韓国版と全く違う別物である。始まりはあまり好みのスタートではなかったが徐々にこの作品に込められた本質が見えてくる。関西在住者及び居住経験者には極めて理解が及ぶ作品へと進化する。各俳優の出身地に分からわなぬ設定である点も関西の持つ独特の抒情がよく出て好感を持てた。慣れない方言を俳優に強要した作品ほどしらける作品は無いからだ。その点この作品は細部までよく作ってある。特に池脇千鶴の関西弁が田辺聖子の思想をよく体現している。5歳下の新人、上野樹里を強烈に演技で突き上げる。妻夫木も基本好きな俳優ではないがいつも作品の後半ではやられてしまう。いい俳優と言わざるを得ない。それにしてもこの作品の構成は見事である。人間の本質のいやらしさをこれほど正面から描いた作品をあまり知らない。普通の人間が普通に暮らしている中で差別だけにある意味救いがない。救いがない中でうまれる池脇の強さで我々は救われる構図になっているところが実に素晴らしい。傑作である。
アニメのハッピーエンドが物足りなく感じるリアルな物語
子供と一緒にアニメ版を観て、素直に「とても良かった」と感じ、後に調べて随分と前に実写版が作られており、さらに近年韓国版も出たと知って、今回こちらの2003年を観た。
アニメ版では、ジョゼの家には破格の時給で恒夫を管理人として雇うだけの余裕はあり、家も古いけれど趣があり、ジョゼには絵の才能もあった。逆に恒夫は両親が離婚していて苦学生で、しまいには事故で足を怪我をしてジョゼの苦しみが少し理解できた。ジョゼに下駄を履かして恒夫にもハンディを与えたことで、二人が対等になったからこそ愛ストーリーとして楽しめたのだと思う。

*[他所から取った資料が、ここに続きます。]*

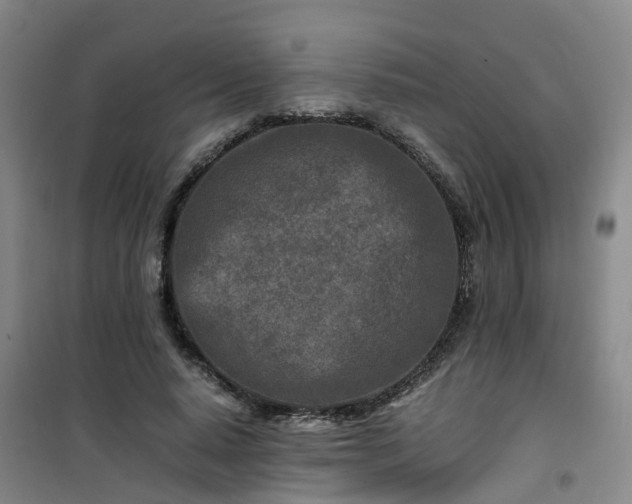 X0000101170640200807111053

一方、実写版は打って変わって陰湿な雰囲気が漂う。「そこのみにて光輝く」の池脇千鶴がジョゼ役で、同じ空気感がある。ジョゼは施設出身で長屋暮らし。暮らしぶりは貧しい。ジョゼの祖母も悪態ばかりつく幼馴染も不気味だし、拾ってきた本や教科書からの知識は豊富だけど偏っていて恒夫に言わせると「変なことばっかよく知っている」。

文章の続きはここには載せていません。